Jazz i Faust - poradnik do gry
Ostatnia aktualizacja: 1 sierpnia 2016
JAZZ - Miasto Er-Elp
Przeczucia jednak mnie nie myliły. Od początku wiedziałem, że ten rejs będzie pechowy. Niby wszystko było tak jak zawsze: podejrzany zleceniodawca, trefny ładunek ginu i spory zarobek na horyzoncie, a mimo wszystko coś mi podpowiadało, że to najpewniej źle się skończy... I co? Wyszło na moje. Teraz siedzę jak ten głupek w śmierdzącej celi posterunku w Er-Elp i szans na to, abym szybko wyszedł na wolność nie ma zbyt wiele. I do tego jeszcze ten chrapiący jak stary wielbłąd naczelnik, który śpi przy swoim biurku. Ech, życie...
W chwili, kiedy leżałem na pryczy, szukając sposobów wydostania się stąd, moje rozmyślania nagle zostały gwałtownie przerwane. Otworzyły się bowiem drzwi od posterunku i stanął w nich człowiek, którego wygląd zdawał się świadczyć, że spędził wiele lat na karawanowym szlaku. Cofnąłem się w cień... Kto wie, może to jakiś mój zapomniany wierzyciel? Nieznajomy podszedł do naczelnika.
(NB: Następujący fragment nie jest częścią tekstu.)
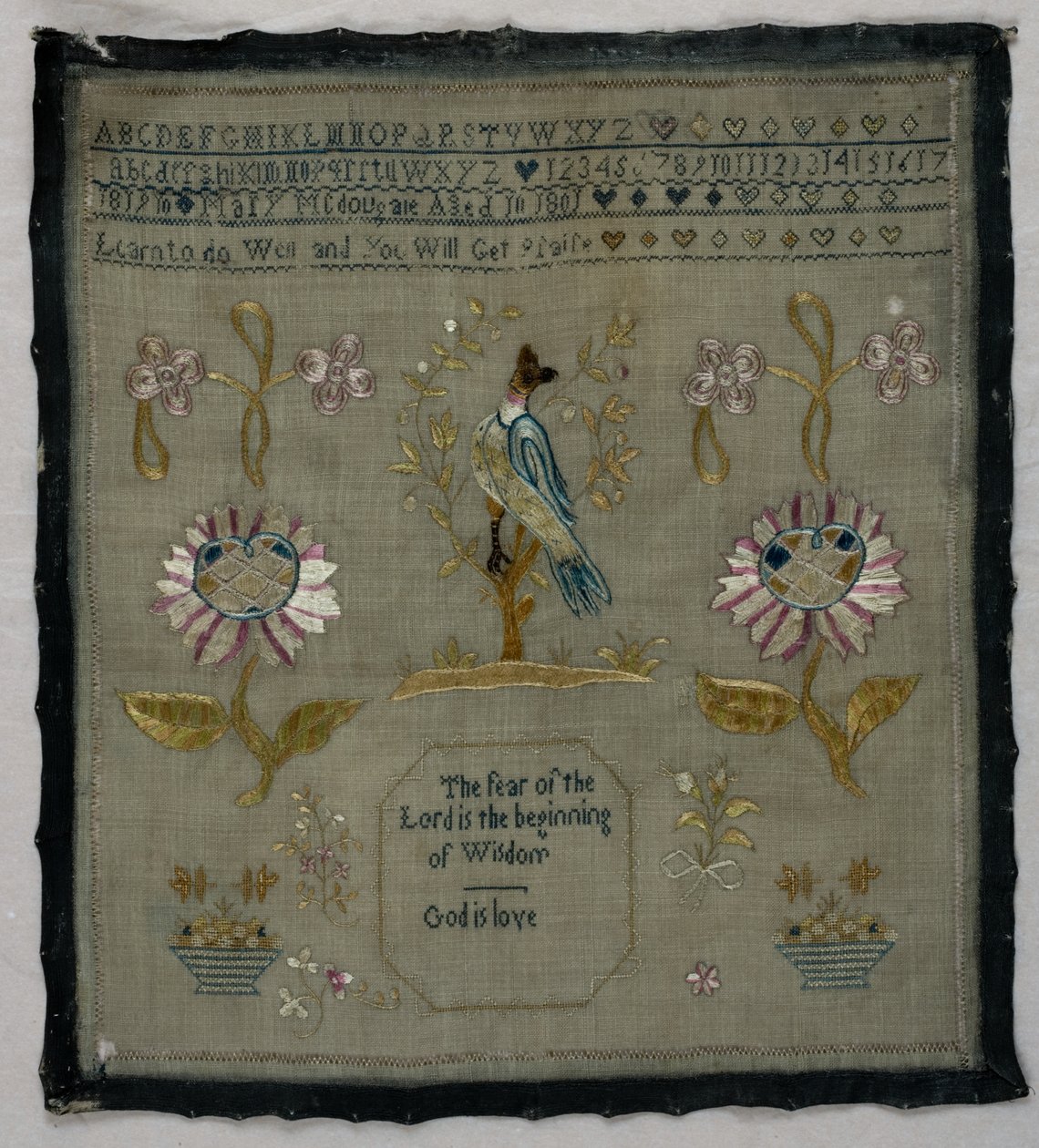 Amostra de Mary Macdougale de English School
Początkowo nie słyszałem o czym rozmawiają, ale po chwili ich głosy przybrały na mocy i dzięki temu mogłem poznać historię, jaką opowiadał gliniarzowi. A przedstawiała się ona mniej więcej tak:
Tajemniczy kupiec, wraz ze swoim bratankiem oraz niewolnikiem, przed paroma laty znalazł skarb. Kiedy ujrzał ogrom bogactwa jaki znalazł się w jego rękach, chciwość wzięła górę. Postanowił pozbyć się niewygodnego świadka i z wiernym niewolnikiem uknuli sposób pozbycia się krewniaka. Jak zamierzyli, tak wykonali: kupiec miał teraz cały skarb, a kuzyn stracił głowę. Ale nie wszystko poszło jednak po jego myśli... Teraz, w snach, bezgłowe ciało bratanka prześladowało kupca, zapowiadając straszliwą zemstę. Próbując wymknąć się prześladowcy dotarł wraz z niewolnikiem do Er-Elp i oto kornie staje przed panem naczelnikiem policji, prosząc o ochronę.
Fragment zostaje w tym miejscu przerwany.